Anyone concerned with micro scratches or otherwise can probably just buy lens protectors.  Similar to prescription lenses but in this case just for protection rather then vision correction.  Sounds like a worthwhile investment for someone who has already reported such damage. 

I have a number of family members that were professional photographers so I've had a lot of expensive glass around me even at a young age.  My Wife also bought a ~$1000 USD Canon DSLR (forget which model) some years ago which is still in great shape.
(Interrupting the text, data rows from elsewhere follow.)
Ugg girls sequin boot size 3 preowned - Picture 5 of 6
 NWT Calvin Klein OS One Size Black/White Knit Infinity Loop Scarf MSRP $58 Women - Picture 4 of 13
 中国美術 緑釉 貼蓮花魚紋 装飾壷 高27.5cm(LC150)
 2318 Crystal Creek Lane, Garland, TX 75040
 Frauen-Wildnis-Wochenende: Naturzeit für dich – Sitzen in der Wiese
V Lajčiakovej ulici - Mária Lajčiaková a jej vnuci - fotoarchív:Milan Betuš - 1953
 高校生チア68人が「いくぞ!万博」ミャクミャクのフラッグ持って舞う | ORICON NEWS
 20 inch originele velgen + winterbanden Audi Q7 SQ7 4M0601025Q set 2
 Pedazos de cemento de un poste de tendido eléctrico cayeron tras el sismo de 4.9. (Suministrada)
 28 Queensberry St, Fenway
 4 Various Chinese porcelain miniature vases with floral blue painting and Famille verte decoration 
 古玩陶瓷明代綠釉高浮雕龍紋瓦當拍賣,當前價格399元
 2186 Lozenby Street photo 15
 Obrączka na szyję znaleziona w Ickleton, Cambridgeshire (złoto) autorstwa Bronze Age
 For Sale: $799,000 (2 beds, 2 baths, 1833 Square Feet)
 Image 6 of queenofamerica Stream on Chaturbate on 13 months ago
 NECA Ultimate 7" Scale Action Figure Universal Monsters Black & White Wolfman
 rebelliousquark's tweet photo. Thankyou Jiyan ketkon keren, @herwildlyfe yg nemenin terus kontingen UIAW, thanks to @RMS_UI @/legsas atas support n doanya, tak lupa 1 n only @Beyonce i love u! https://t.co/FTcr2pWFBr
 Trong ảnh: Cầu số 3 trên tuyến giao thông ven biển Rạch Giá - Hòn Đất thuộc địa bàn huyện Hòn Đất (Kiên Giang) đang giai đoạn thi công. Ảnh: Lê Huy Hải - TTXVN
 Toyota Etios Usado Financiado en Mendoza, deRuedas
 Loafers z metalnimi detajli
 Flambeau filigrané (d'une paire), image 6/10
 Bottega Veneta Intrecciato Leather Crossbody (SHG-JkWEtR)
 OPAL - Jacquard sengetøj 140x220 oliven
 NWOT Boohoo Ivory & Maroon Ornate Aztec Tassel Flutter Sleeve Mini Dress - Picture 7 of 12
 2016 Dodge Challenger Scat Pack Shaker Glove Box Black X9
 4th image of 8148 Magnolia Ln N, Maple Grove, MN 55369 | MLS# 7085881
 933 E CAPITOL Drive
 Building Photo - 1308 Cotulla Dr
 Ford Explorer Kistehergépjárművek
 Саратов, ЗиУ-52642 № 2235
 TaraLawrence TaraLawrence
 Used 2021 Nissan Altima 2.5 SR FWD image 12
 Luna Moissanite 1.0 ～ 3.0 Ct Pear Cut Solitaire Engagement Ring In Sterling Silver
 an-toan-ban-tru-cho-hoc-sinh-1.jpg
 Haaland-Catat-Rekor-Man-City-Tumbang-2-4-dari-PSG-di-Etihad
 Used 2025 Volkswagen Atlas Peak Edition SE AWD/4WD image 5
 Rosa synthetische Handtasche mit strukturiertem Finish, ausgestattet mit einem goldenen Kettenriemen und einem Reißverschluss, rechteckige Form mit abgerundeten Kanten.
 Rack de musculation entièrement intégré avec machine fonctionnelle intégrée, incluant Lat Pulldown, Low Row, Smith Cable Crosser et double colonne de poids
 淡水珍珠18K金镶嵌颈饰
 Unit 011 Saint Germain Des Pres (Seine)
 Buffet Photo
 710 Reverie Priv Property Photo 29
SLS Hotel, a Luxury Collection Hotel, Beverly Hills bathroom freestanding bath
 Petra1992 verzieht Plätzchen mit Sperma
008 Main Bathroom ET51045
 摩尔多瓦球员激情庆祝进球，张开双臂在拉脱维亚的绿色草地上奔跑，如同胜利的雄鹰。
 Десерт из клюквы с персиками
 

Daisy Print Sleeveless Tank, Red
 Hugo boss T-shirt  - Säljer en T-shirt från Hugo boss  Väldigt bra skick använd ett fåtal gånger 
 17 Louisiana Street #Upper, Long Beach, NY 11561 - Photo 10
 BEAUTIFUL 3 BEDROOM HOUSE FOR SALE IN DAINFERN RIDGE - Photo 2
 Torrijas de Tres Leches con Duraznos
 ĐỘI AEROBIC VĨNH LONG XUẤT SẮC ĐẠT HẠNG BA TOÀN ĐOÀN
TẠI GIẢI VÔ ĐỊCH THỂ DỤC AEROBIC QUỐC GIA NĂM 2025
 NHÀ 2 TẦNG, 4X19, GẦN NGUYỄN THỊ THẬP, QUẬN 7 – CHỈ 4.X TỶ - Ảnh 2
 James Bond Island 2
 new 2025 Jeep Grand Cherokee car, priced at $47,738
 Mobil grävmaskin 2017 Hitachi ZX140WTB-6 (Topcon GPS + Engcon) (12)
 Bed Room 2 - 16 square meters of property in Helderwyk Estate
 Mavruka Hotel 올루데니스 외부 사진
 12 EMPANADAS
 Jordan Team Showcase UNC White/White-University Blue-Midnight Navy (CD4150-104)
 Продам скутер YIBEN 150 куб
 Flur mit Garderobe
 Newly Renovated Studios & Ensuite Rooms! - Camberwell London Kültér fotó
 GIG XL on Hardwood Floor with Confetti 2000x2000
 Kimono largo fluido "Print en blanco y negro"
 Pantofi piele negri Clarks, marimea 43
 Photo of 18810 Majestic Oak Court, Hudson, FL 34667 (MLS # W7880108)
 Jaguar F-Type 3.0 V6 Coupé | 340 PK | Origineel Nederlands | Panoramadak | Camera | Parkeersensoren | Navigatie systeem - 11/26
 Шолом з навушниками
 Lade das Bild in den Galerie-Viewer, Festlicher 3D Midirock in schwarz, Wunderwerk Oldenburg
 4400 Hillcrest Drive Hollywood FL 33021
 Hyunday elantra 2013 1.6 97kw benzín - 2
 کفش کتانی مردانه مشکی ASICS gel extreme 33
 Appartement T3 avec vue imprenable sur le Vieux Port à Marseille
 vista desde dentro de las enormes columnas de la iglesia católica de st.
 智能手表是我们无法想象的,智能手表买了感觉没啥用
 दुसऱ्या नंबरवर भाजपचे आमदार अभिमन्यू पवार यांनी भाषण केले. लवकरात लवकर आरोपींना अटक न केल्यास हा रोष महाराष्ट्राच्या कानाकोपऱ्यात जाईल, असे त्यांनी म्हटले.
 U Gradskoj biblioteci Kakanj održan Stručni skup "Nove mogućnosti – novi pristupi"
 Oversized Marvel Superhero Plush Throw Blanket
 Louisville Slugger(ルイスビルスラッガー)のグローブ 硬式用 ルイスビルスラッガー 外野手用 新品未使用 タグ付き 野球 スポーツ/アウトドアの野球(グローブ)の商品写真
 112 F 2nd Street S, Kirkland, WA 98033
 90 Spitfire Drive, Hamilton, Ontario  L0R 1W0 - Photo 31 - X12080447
What I know is that an ounce of prevention is worth a pound of cure.  So ideally don't let anything touch the lens and you'll never have to worry about cleaning it. 

If you have to clean it, get a professional cleaning kit, use said kit properly and hopefully sparingly. 

BTW, before physically applying anything to a lens, attempt to dislodge any possible debris by way of compressed air or air bulb.  Sometimes fine unseen particles can scratch lenses so ideally this should be removed with a zero contact method before actual contact cleaning.  After the air, you can move on to lens cleaning paper (disposable), microfiber or lens brush.  A lens cleaning pen is also a good investment if used properly.  Typically these have a fine brush built in on the opposite side.


----------



## seth1911 (Jan 18, 2022)

While the PSVR2, sony produce now the PS4 Slim and PRO till the end of 22 cause the PS5 robbery from scalpers, this isnt good for Sony.
Scalpers buy, but dont subscribe PS Plus or PS Now and even dont Buy Games in the Store/ Disc Store.


----------



## Octavean (Jan 18, 2022)

seth1911 said:


> While the PSVR2, sony produce now the PS4 Slim and PRO till the end of 22 cause the PS5 robbery from scalpers, this isnt good for Sony.
> Scalpers buy, but dont subscribe PS Plus or PS Now and even dont Buy Games in the Store/ Disc Store.


It's difficult to get a PS5 at or near MSRP but not impossible.  It requires sound methodology, perseverance and a wee bit of luck.   My Wife and I managed to buy three PS5 units.  We kept 2 and gave one to my Niece (she reimbursed us the cost).  I wanted to keep only one but,....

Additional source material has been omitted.